_STORED DATA_:
※ ※ ※

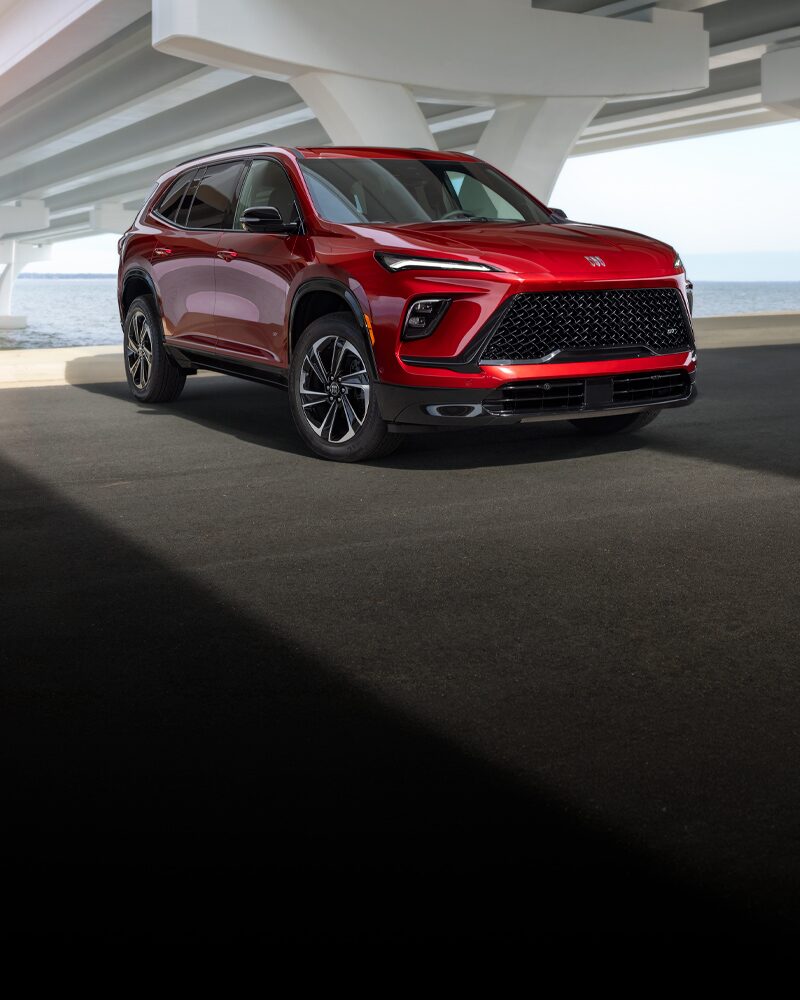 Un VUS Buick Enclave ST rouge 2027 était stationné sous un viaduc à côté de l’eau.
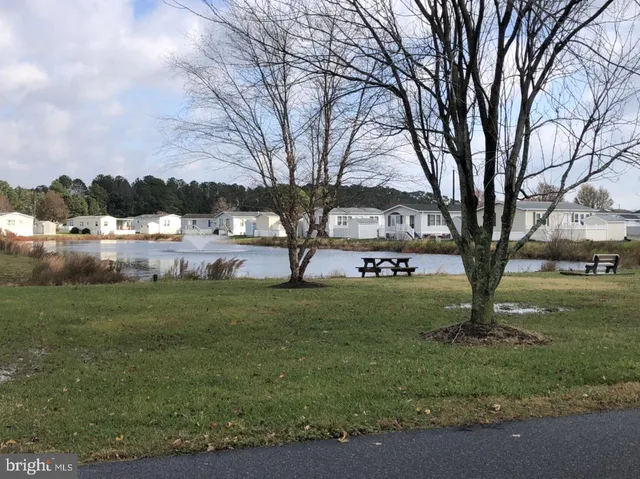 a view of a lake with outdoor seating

※ ※ ※

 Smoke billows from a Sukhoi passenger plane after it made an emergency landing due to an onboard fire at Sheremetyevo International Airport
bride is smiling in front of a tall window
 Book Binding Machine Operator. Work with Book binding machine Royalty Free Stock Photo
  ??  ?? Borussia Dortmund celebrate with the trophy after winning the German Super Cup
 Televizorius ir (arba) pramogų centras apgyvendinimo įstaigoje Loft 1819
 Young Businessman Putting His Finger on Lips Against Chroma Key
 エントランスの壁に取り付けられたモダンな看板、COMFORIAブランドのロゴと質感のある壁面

※ ※ ※

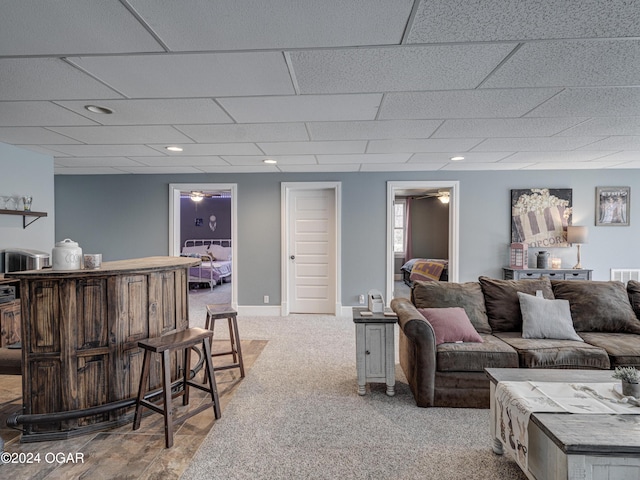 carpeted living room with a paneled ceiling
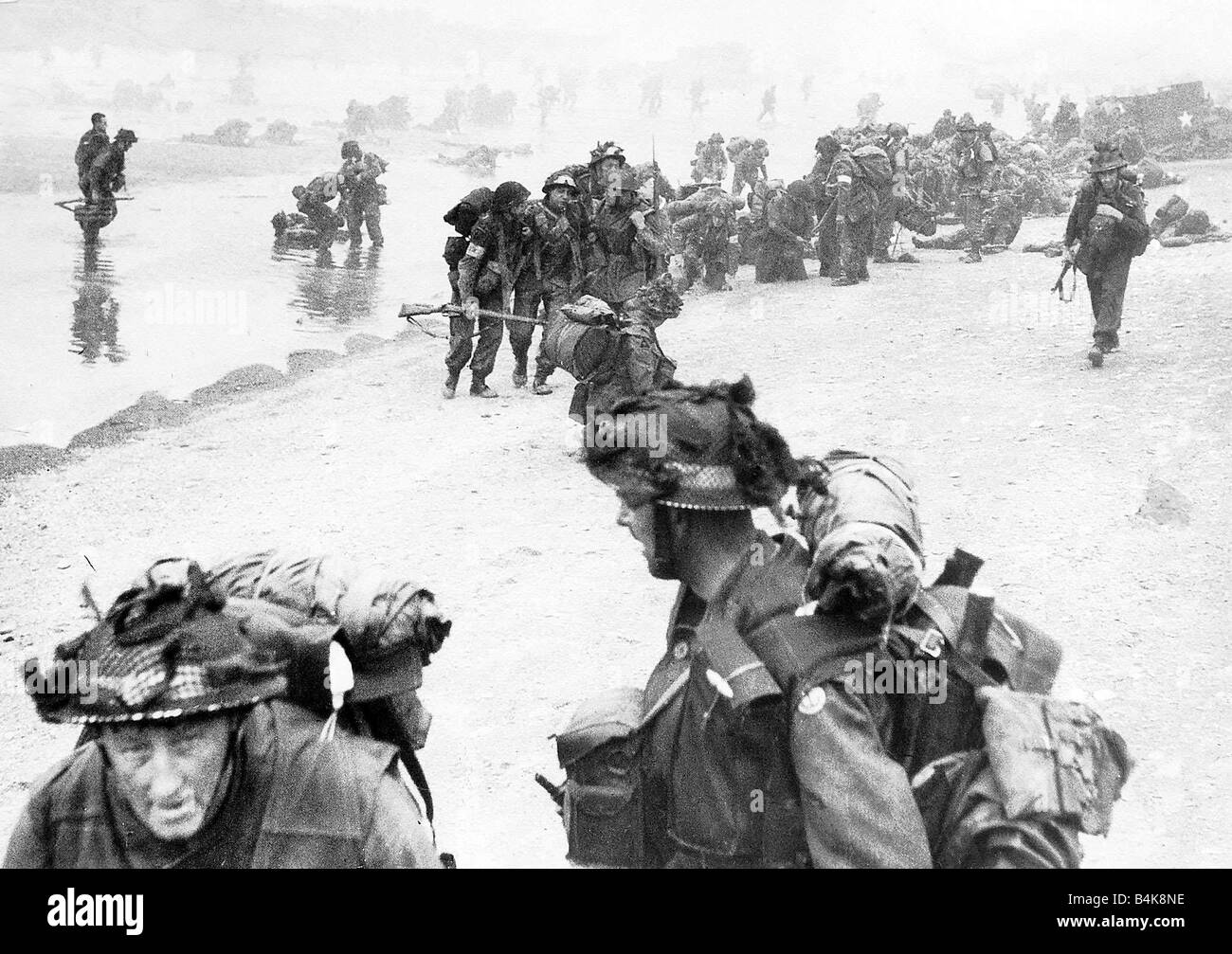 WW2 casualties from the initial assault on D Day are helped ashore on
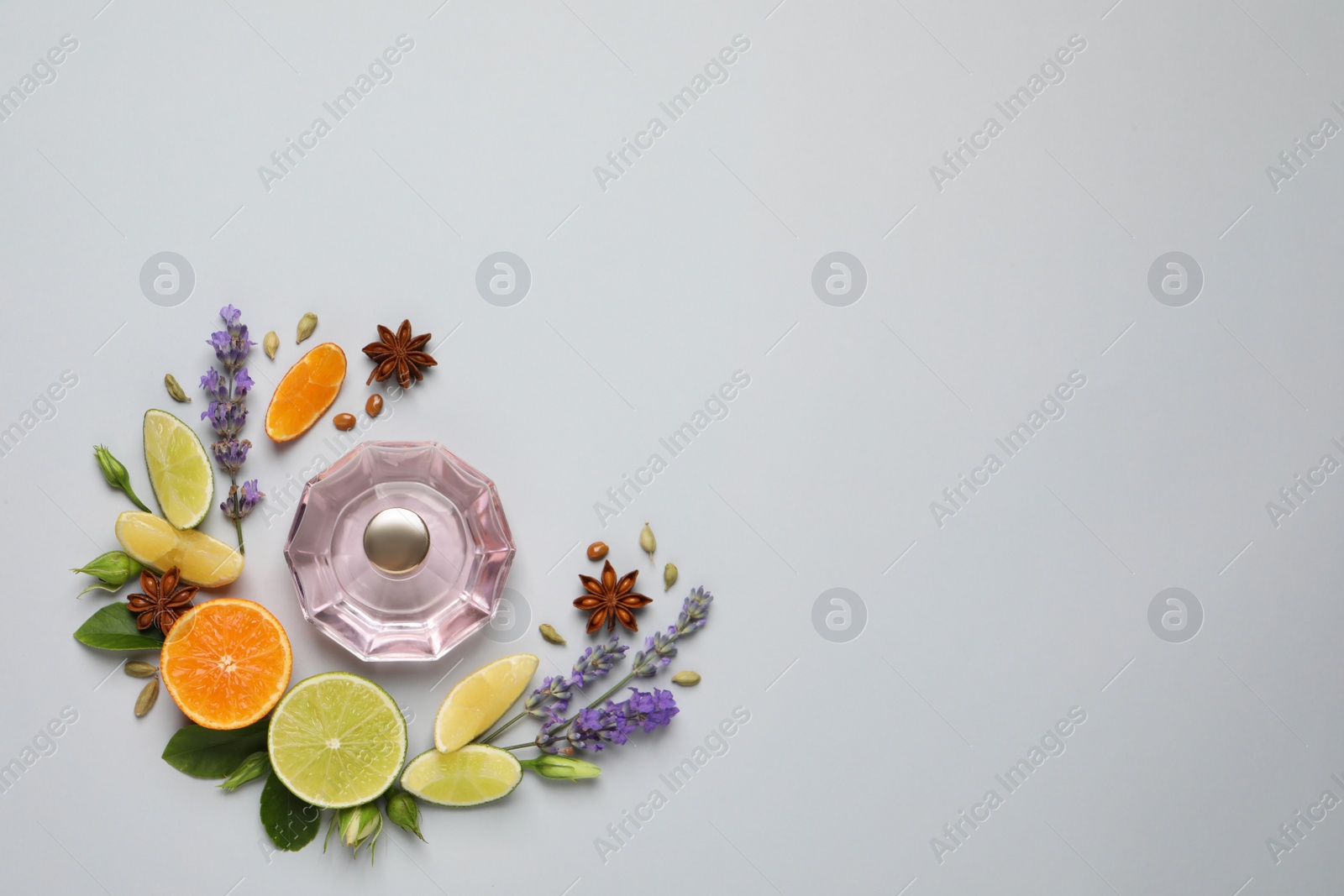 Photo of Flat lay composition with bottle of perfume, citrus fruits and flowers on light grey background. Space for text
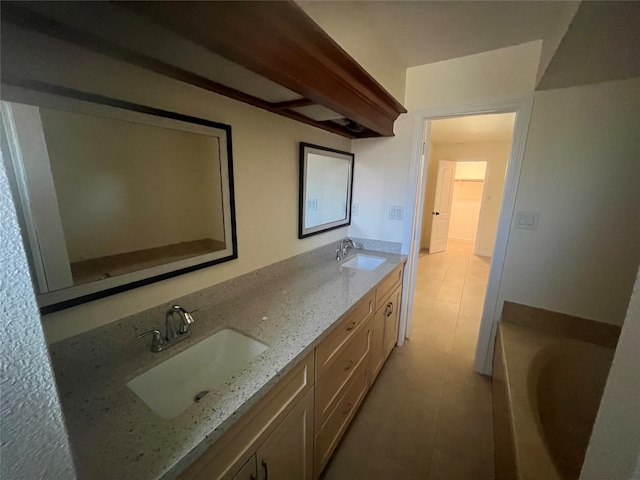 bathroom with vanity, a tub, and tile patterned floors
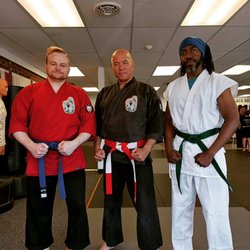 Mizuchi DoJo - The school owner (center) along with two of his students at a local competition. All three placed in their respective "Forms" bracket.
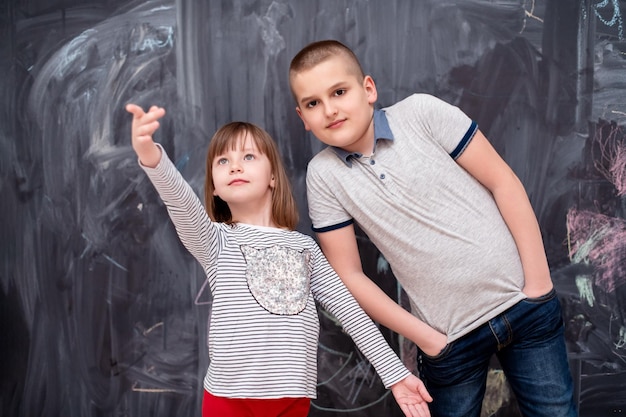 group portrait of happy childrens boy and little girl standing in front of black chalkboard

※ ※ ※

_WHAT THE TASK ASKS_: What you give back must be the stretch above, starting at the line with "Televizorius ir (arba)" and ending at the line with "エントランスの壁に取り付けら", copied exactly.

_FINISHED TASK_:
 Televizorius ir (arba) pramogų centras apgyvendinimo įstaigoje Loft 1819
 Young Businessman Putting His Finger on Lips Against Chroma Key
 エントランスの壁に取り付けられたモダンな看板、COMFORIAブランドのロゴと質感のある壁面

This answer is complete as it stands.